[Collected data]
+ + + + +
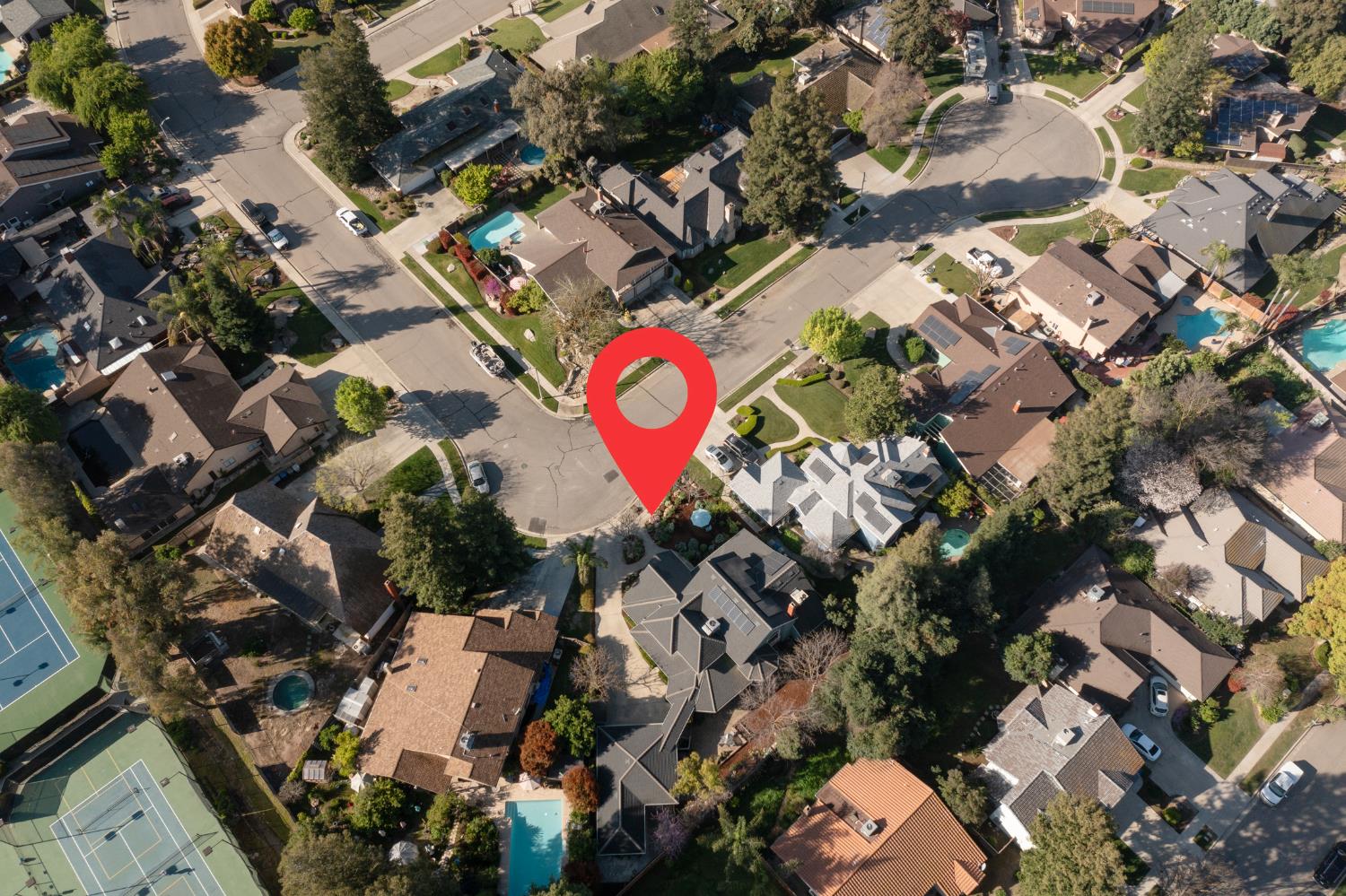 3900 W Allen Ct, Visalia, CA 93291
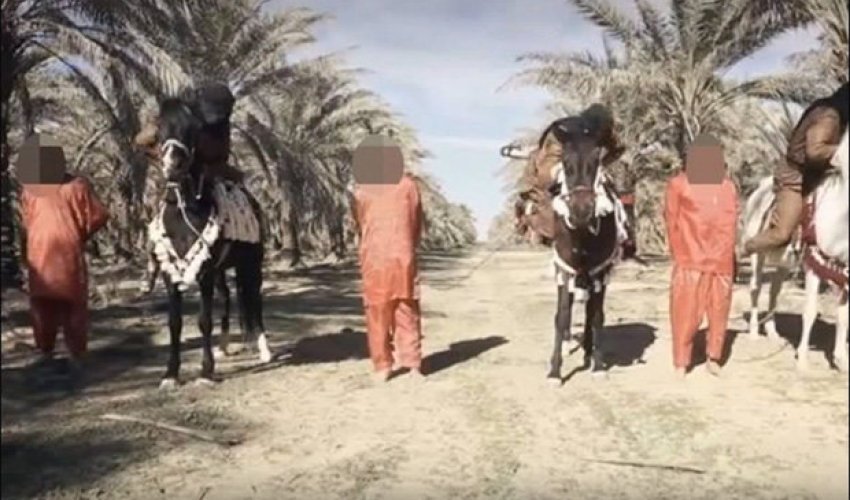 ISIS 'terror knights' behead captives in sick new execution video ISIS 'terror knights' behead captives in sick new execution video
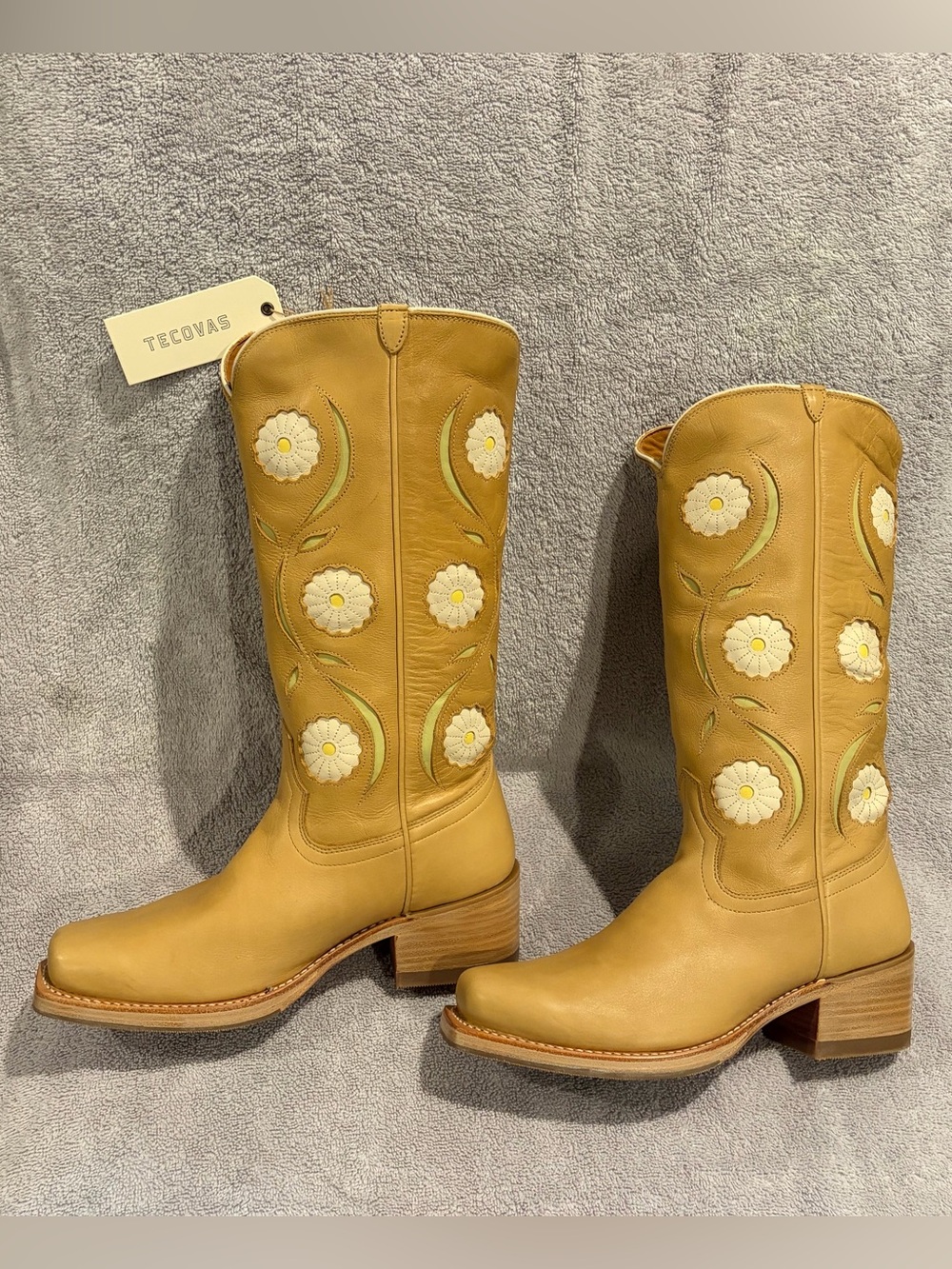 NWT Tecovas The Charlie Bloom Pale Yellow Floral Embroidered Leather Boots - Picture 3 of 7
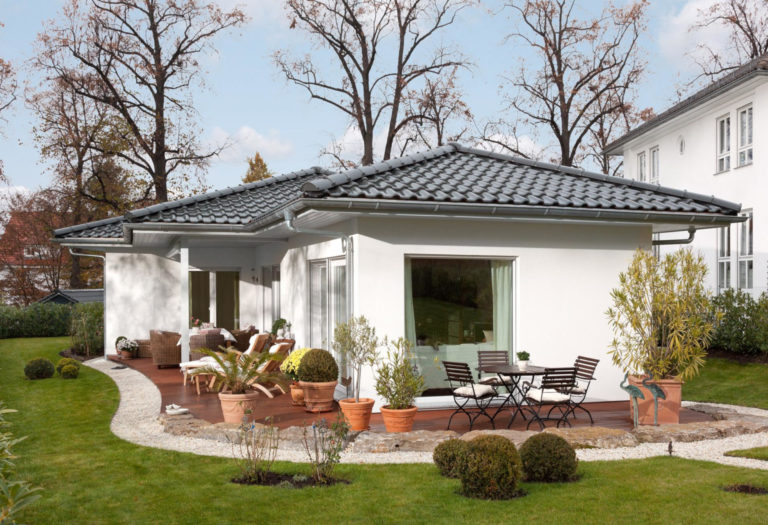 Bungalow mit ueberdachter Terrasse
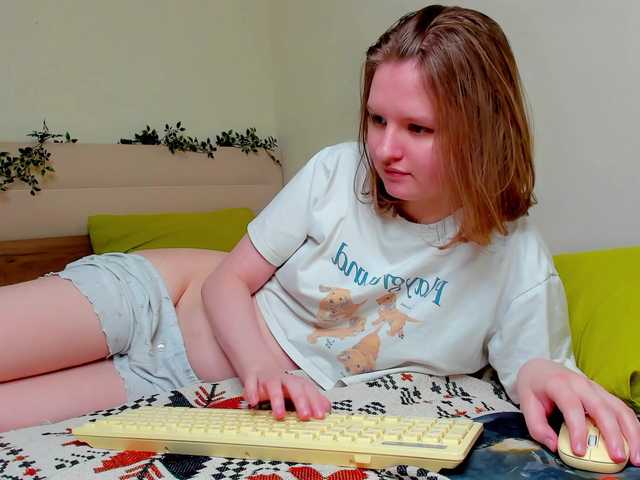 PuddingPantie live cam on BongaCams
+ + + + +
What to produce | Only the records, copied exactly and without pictures, should make up the answer.

Problem solution |
 3900 W Allen Ct, Visalia, CA 93291
 ISIS 'terror knights' behead captives in sick new execution video ISIS 'terror knights' behead captives in sick new execution video
 NWT Tecovas The Charlie Bloom Pale Yellow Floral Embroidered Leather Boots - Picture 3 of 7
 Bungalow mit ueberdachter Terrasse
 PuddingPantie live cam on BongaCams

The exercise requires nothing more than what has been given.